:: Source data ::
::::::::::
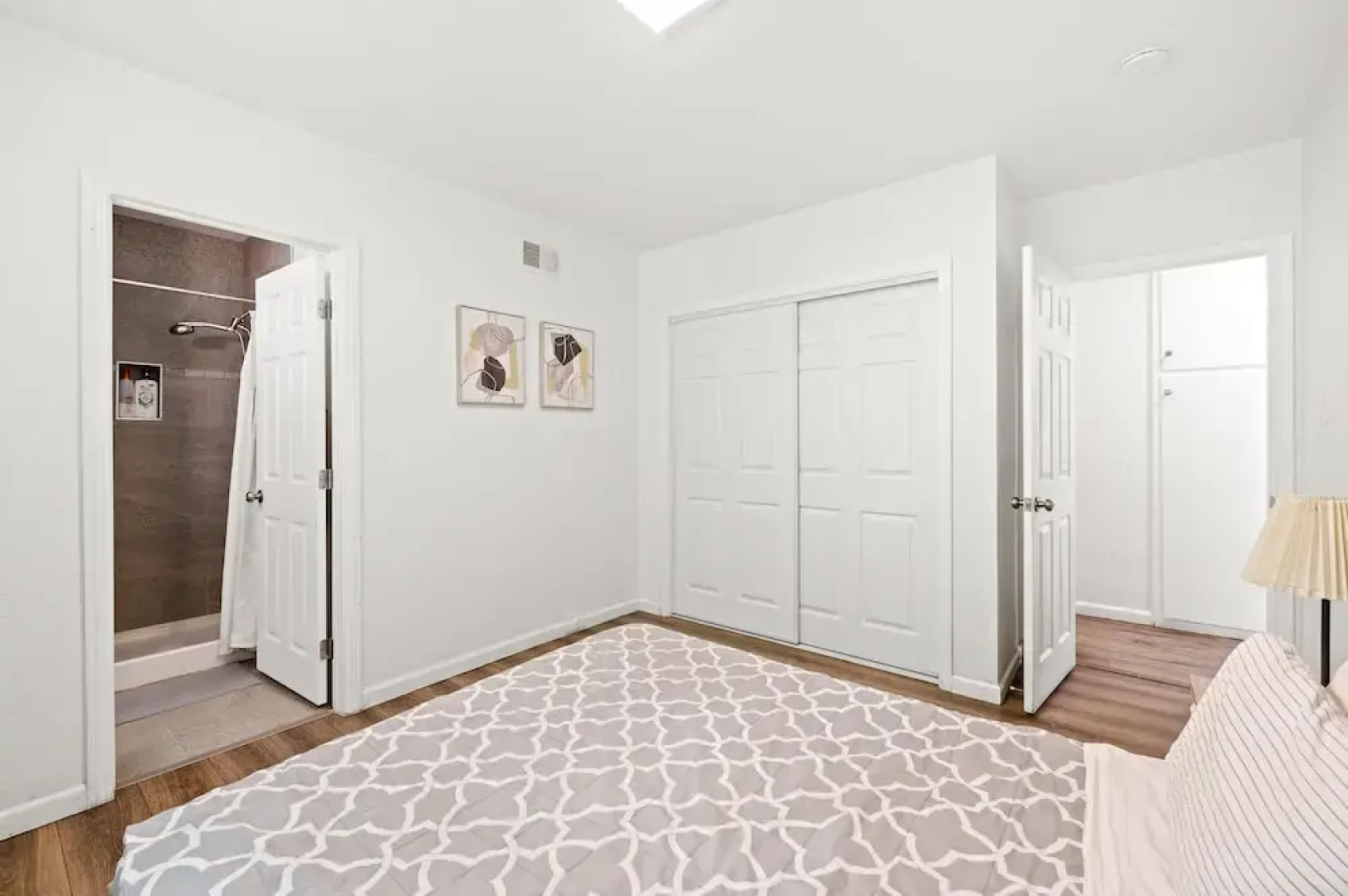 Spacious Family Friendly House in Central Location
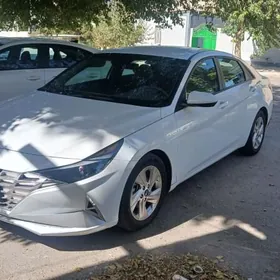 Hyundai Elantra 2021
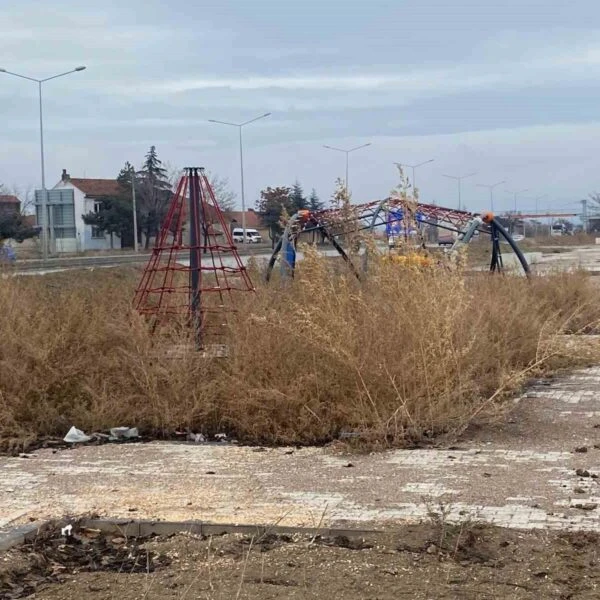 Bakımsız ve çamur içinde kalan çocuk parkı-1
::::::::::
:: Brief ::
Which lines run from the one containing "Hyundai Elantra 2021" to the end of the data above? Set down those lines exactly, and only those, without any pictures.

:: Task result ::
 Hyundai Elantra 2021
 Bakımsız ve çamur içinde kalan çocuk parkı-1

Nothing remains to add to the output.